Among the lines below, tally those that contain "Bracelet" and respond with the total only.

Start of Block

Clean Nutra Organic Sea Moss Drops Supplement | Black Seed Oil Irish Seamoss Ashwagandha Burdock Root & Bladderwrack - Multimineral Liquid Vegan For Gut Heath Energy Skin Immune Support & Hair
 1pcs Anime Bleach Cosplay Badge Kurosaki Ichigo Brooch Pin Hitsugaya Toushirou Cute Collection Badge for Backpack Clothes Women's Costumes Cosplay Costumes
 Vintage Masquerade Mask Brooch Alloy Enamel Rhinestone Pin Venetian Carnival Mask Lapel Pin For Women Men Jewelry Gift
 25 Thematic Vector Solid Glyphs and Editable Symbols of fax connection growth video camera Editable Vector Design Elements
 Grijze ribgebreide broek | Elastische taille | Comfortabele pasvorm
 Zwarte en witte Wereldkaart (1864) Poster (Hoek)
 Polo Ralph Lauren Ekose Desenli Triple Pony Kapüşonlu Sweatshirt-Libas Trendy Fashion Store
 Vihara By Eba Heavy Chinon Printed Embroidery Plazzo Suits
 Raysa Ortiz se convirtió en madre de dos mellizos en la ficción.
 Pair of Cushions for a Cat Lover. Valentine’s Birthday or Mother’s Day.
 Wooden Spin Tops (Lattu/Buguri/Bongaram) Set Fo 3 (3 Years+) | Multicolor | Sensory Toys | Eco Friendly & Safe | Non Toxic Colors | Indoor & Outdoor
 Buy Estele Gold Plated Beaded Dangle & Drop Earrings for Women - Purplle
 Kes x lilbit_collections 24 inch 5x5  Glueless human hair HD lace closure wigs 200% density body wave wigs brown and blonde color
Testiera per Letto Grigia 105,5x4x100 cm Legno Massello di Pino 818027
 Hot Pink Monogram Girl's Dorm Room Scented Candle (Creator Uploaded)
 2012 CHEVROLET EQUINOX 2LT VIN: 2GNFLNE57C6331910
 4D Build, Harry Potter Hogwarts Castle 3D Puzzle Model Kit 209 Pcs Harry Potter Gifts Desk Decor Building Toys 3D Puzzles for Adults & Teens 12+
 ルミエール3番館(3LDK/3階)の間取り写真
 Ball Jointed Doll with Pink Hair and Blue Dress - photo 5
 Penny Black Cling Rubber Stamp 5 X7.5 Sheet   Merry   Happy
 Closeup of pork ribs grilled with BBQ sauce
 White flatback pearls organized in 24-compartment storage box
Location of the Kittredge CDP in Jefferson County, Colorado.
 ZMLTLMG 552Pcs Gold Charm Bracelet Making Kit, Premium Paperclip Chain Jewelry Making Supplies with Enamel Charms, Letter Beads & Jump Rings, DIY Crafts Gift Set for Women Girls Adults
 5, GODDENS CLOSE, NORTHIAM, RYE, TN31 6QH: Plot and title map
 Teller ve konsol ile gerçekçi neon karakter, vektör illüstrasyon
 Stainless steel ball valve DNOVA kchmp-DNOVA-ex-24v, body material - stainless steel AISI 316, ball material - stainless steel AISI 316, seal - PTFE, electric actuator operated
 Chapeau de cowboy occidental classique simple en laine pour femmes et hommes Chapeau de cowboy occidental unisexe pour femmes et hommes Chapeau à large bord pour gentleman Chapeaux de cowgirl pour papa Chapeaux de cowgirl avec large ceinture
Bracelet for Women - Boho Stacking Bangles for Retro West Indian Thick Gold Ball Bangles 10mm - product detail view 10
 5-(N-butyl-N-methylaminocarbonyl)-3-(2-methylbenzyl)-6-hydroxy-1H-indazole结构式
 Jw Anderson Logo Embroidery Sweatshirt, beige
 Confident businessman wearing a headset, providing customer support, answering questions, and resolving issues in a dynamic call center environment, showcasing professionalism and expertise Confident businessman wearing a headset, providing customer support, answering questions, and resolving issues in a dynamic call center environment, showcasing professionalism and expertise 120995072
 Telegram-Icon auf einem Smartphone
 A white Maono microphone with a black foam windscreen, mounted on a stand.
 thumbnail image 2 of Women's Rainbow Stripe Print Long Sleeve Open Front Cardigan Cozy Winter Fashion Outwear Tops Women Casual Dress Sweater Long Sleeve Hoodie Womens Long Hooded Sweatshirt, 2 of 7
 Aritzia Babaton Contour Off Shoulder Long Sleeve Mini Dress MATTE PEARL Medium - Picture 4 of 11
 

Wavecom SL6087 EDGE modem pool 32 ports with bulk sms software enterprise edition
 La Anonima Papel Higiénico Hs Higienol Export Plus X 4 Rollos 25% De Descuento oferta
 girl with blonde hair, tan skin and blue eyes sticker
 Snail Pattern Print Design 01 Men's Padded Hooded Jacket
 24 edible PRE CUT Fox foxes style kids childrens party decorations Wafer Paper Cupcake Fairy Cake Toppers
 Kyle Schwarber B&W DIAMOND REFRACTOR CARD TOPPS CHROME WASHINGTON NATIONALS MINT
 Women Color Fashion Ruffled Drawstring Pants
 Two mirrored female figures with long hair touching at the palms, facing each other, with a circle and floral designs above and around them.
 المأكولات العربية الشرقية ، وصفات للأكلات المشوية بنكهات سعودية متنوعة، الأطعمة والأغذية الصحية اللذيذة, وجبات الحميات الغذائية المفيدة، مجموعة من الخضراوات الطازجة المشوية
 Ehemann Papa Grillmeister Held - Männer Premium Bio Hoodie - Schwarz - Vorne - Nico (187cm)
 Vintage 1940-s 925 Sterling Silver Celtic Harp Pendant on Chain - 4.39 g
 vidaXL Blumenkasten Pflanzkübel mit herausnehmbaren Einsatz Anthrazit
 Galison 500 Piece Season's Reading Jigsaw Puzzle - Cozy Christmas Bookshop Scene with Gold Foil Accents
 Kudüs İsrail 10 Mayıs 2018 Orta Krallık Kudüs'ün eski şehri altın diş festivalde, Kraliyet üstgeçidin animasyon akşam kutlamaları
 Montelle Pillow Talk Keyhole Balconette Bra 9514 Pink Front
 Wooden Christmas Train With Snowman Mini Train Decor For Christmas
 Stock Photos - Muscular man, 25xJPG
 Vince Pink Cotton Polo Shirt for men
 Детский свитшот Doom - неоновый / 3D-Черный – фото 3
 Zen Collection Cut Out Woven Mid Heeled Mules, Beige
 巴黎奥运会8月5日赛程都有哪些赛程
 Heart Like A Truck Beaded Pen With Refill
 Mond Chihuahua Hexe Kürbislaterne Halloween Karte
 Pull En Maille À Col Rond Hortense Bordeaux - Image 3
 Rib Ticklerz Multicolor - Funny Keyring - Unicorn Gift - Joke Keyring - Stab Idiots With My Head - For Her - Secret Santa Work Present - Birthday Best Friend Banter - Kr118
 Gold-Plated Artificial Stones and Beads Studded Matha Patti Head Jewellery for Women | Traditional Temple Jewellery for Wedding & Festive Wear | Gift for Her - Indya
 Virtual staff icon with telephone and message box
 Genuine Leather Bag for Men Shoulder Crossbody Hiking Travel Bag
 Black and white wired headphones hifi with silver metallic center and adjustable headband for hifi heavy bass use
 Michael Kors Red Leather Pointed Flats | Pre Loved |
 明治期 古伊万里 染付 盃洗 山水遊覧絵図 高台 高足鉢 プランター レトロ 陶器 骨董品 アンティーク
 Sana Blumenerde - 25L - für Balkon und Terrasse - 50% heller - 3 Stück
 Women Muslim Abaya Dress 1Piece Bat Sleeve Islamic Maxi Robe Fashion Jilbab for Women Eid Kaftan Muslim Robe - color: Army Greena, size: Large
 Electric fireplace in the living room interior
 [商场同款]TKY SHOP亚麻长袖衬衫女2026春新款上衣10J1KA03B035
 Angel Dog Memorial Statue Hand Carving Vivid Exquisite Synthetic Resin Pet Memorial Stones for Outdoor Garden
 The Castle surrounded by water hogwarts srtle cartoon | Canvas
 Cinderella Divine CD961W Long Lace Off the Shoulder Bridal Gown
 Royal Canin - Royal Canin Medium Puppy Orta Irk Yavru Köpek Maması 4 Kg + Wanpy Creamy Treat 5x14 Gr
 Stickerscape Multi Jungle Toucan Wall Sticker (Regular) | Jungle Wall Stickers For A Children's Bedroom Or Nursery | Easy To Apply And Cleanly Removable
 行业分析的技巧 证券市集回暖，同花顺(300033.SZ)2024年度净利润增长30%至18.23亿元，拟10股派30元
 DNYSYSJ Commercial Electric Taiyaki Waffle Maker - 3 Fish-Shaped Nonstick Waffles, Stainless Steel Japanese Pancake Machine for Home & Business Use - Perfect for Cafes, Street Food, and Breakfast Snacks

End of Block

> Your response: 2